Chronic Obstructive Pulmonary Disease and Emphysema are chronic progressive disorders characterised by airflow limitation. They are essentially progressive conditions, which worsen with time, especially if the person continues to smoke.

Pulmonary rehabilitation (to achieve optimum fitness) can reduce symptoms and improve function. Controlled oxygen therapy for more than 15 hours a day has been shown to increase survival significantly.

Smoking cessation is the single most effective intervention to reduce the risk of further development. Cessation of smoking may slow the decline in lung function to normal levels of decline in a relatively short time. This would not affect the prognosis of moderate and severe disease because the damage is done, but may improve the prognosis in mild disease.

The prognosis in moderate and severe COPD therefore, is likely to be life-long with consequent care and mobility needs, which will not improve as the disease is progressive and the person is likely to gradually deteriorate.

COPD (chronic bronchitis and emphysema)

At first the only symptom for many years may be a “smoker’s cough”.

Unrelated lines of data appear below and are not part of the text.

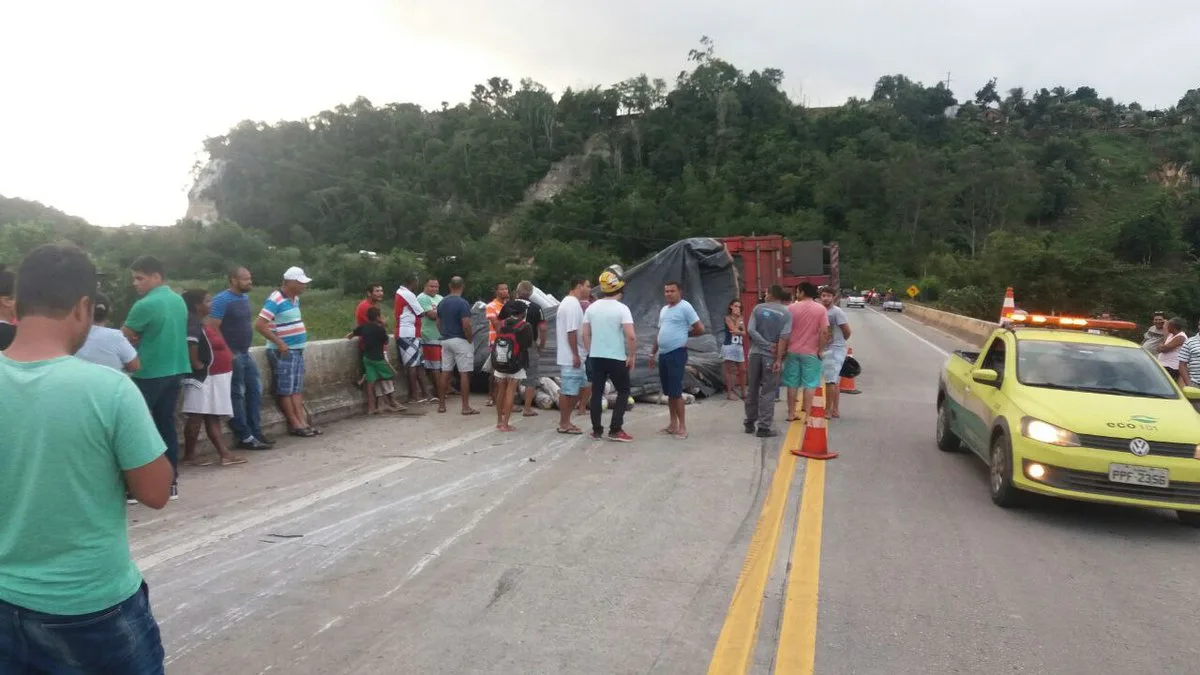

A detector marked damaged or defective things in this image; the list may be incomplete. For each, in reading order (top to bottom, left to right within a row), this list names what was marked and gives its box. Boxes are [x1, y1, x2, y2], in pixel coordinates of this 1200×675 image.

overturned truck [470, 236, 739, 396]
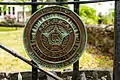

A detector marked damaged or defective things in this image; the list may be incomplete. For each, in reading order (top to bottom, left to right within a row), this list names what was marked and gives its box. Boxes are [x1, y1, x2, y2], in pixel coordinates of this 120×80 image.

rusty metal surface [23, 5, 86, 68]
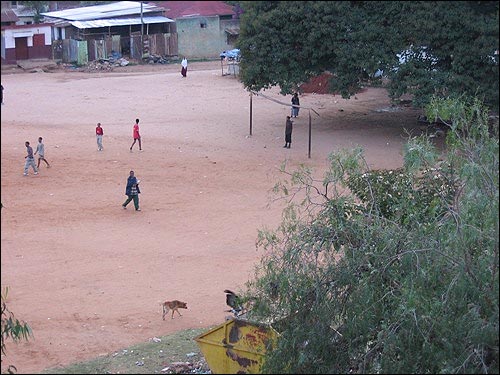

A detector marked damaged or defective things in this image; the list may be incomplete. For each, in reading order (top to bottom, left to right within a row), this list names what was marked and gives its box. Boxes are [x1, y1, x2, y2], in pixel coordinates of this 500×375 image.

rusty metal container [193, 318, 278, 374]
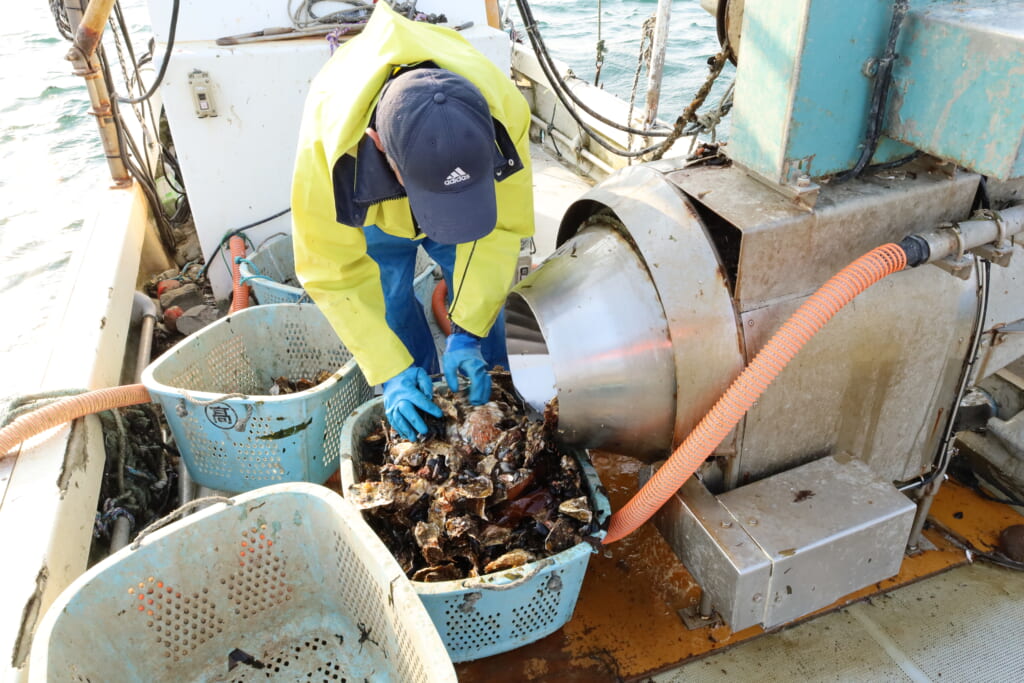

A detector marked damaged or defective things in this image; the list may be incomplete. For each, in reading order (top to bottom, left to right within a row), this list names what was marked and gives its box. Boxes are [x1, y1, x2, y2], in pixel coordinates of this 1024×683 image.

rusty orange deck surface [458, 454, 1024, 683]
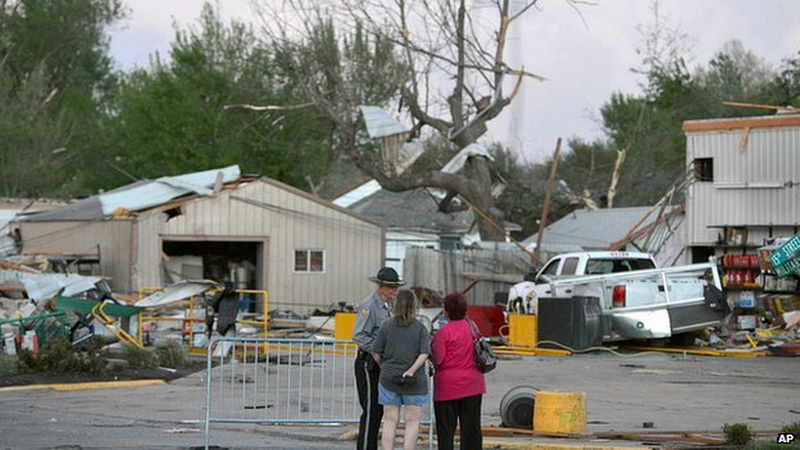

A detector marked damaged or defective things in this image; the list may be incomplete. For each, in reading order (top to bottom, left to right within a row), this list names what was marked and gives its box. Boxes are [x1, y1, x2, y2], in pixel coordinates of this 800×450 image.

damaged roof [20, 165, 239, 221]
damaged garage [13, 164, 384, 312]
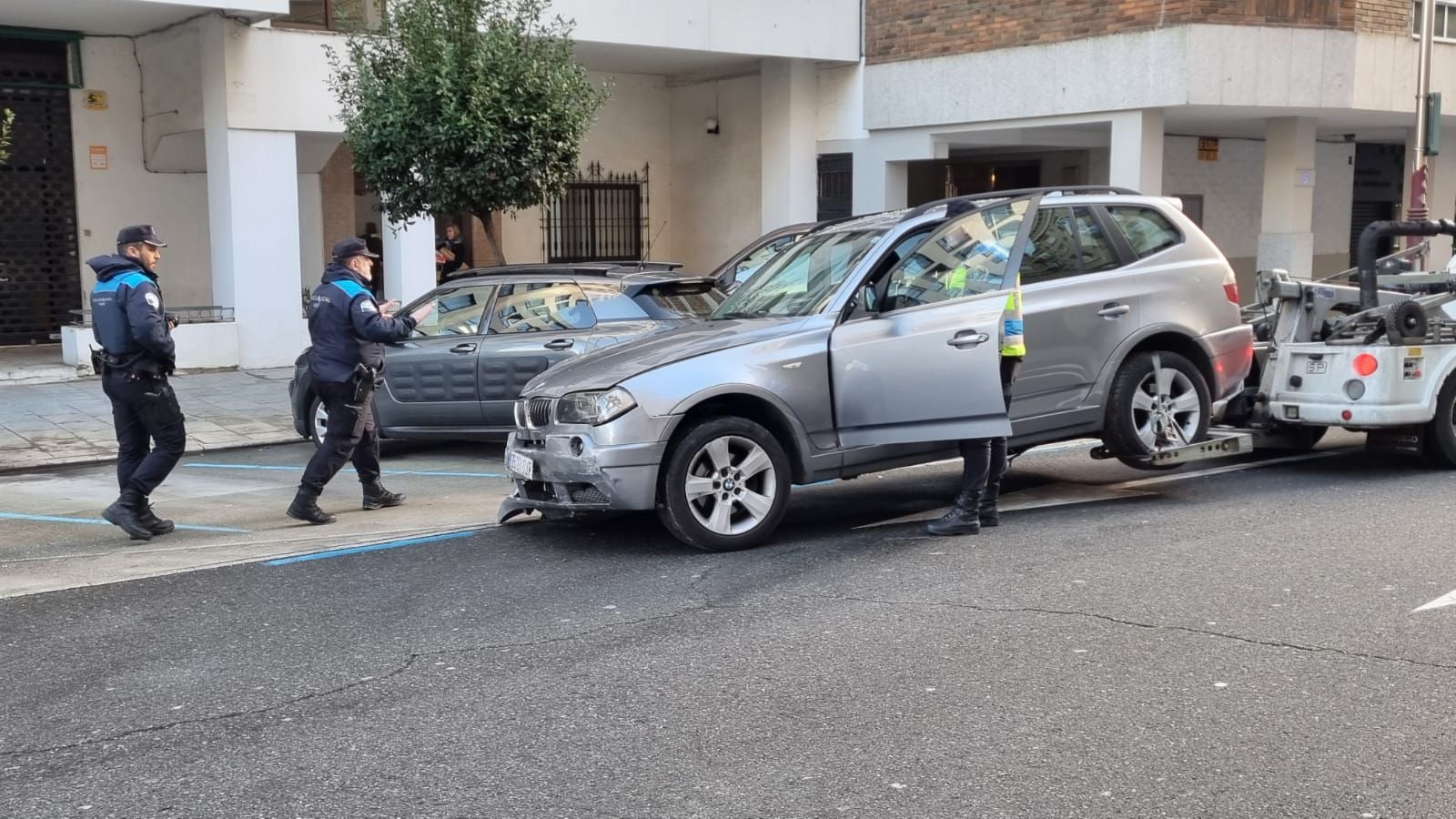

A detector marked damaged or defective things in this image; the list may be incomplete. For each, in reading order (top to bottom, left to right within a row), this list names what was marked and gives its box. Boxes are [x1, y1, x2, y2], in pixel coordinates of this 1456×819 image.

smashed windshield [710, 232, 881, 322]
damaged silver bmw x3 [502, 187, 1252, 550]
crumpled front bumper [495, 426, 666, 521]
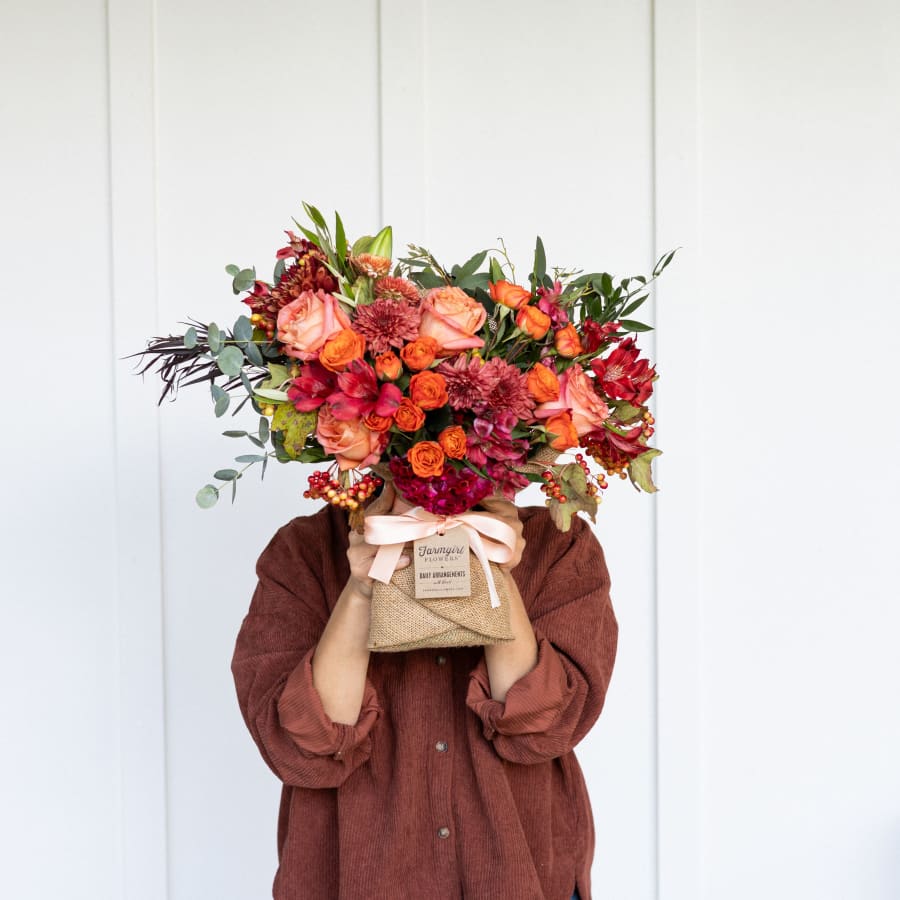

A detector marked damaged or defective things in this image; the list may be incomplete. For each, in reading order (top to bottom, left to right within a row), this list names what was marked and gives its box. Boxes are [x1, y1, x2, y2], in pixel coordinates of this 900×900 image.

rust corduroy jacket [230, 502, 620, 900]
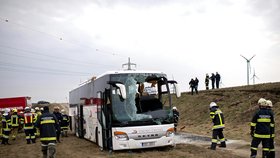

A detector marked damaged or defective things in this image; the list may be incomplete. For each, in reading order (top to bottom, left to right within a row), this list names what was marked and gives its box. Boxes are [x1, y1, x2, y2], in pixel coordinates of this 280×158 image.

damaged white bus [69, 70, 180, 151]
broken windshield [110, 73, 173, 126]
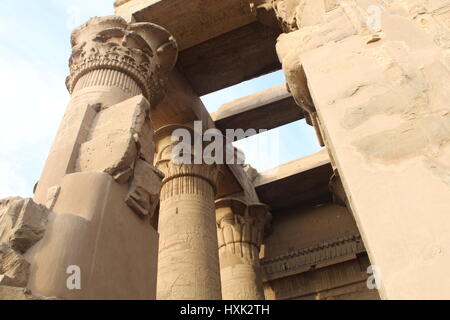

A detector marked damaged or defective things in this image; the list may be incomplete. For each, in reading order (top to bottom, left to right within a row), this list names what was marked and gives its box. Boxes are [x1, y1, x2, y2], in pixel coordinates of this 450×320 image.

damaged column [23, 16, 177, 298]
damaged column [155, 124, 223, 300]
damaged column [215, 198, 270, 300]
damaged column [270, 0, 450, 298]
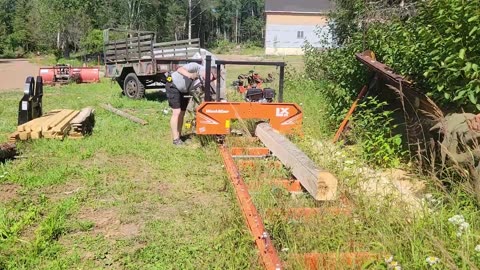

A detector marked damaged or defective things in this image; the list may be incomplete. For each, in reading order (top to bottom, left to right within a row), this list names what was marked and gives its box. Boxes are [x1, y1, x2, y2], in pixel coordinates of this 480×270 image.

rusty metal equipment [38, 63, 100, 85]
rusty machinery [38, 63, 100, 85]
rusty machinery [197, 55, 302, 135]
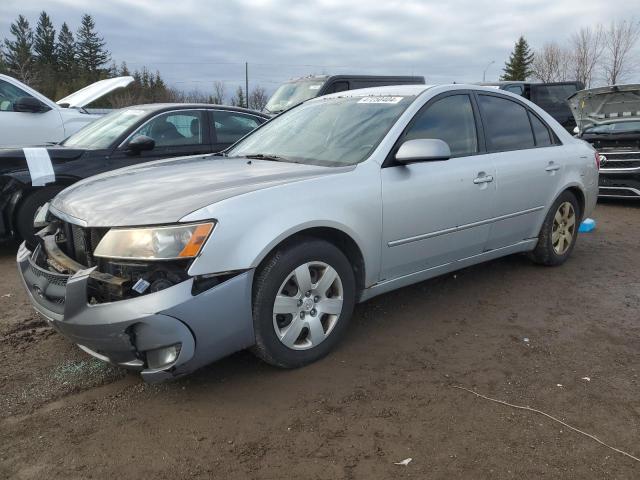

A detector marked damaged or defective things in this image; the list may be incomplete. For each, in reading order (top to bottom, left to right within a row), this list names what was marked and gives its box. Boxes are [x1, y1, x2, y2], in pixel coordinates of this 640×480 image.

cracked bumper [16, 244, 255, 382]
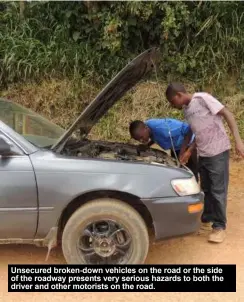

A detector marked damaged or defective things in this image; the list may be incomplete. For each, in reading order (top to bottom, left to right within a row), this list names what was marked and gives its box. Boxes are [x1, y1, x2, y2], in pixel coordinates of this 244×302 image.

broken-down car [0, 47, 204, 264]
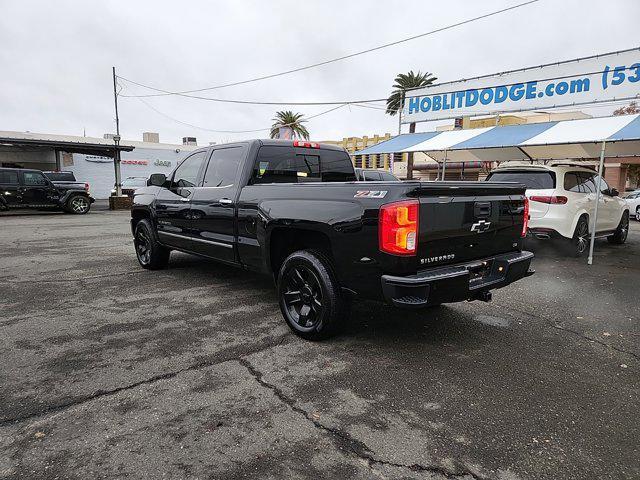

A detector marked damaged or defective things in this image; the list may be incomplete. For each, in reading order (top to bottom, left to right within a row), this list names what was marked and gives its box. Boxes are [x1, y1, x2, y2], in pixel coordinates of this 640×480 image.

cracked asphalt [0, 208, 636, 478]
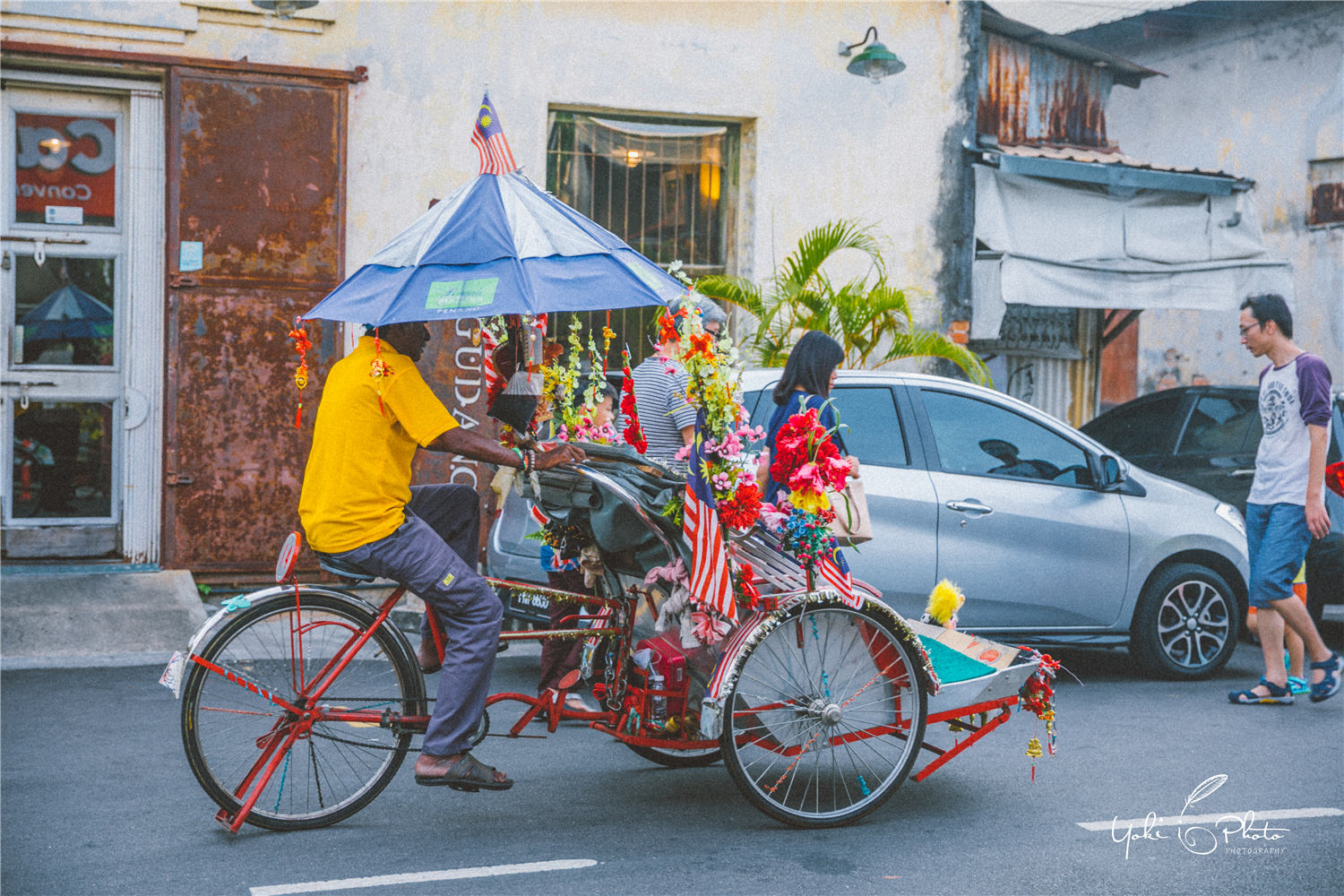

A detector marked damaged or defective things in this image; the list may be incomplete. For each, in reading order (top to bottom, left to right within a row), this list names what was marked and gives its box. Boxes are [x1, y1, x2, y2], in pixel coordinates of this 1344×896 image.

rusty metal door [165, 70, 348, 573]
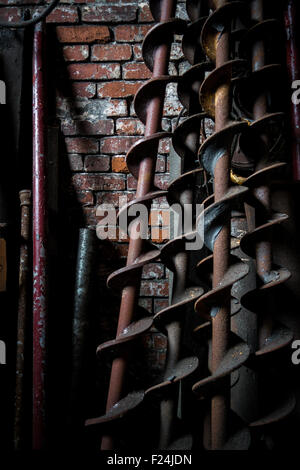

This symptom progresses to cough with sputum, wheeze and breathlessness. Chest infections occur more and more regularly with colds causing the production of sputum. These infections increase in severity and duration until a cough is constantly present.

With progression of the disease, the person experiences increasing breathlessness on exertion.

With advanced disease, breathlessness becomes severe and occurs at rest and normally affects all aspects of daily life. At end-stage disease, the person is bed-bound or chair-bound and likely to be on oxygen for several hours a day. It is a chronic, slowly progressive disorder with little variation over a period of time.

Bronchodilator therapy may help the degree of airflow obstruction to some extent as most patients have some degree of asthmatic-type responsiveness to bronchodilators. 20-30% of patients improve somewhat when given a course of steroids and inhaled corticosteroids may be indicated. Long- term oral corticosteroid treatment should normally be avoided.

The disease is regarded as being progressive, with a continuous steady decline in lung function.

In all cases - Indefinite award

Emphysema

The best predictor of survival is the FEV1 after bronchodilator use.

Emphysema gradually develops over a number of years.

People with emphysema have great difficulty in exhaling (breathing out). Symptoms such as shortness of breath (sometimes associated with wheeze) occur initially on exertion and then as the disease progresses with little exertion and ultimately at rest. The person eventually may not be able to carry out basic activities in a normal fashion.

With advanced disease, breathlessness becomes severe and occurs at rest and normally affects all aspects of daily life.

At end-stage disease, the person is bed-bound or chair-bound and likely to be on oxygen for several hours a day.

It is a chronic, slowly progressive disorder with little variation over a period of time.

Bronchodilator therapy may help those who have a tendency to airways constriction.

Some patients improve somewhat when given a course of steroids and inhaled corticosteroids may be indicated. Long-term oral corticosteroid treatment should be avoided.

No medication has been shown to restore lost lung function.

In all cases - Indefinite award

All information must be taken into account when considering the duration of disabling effects and the duration of disabling effects must be based on the particular circumstances of the individual claimant.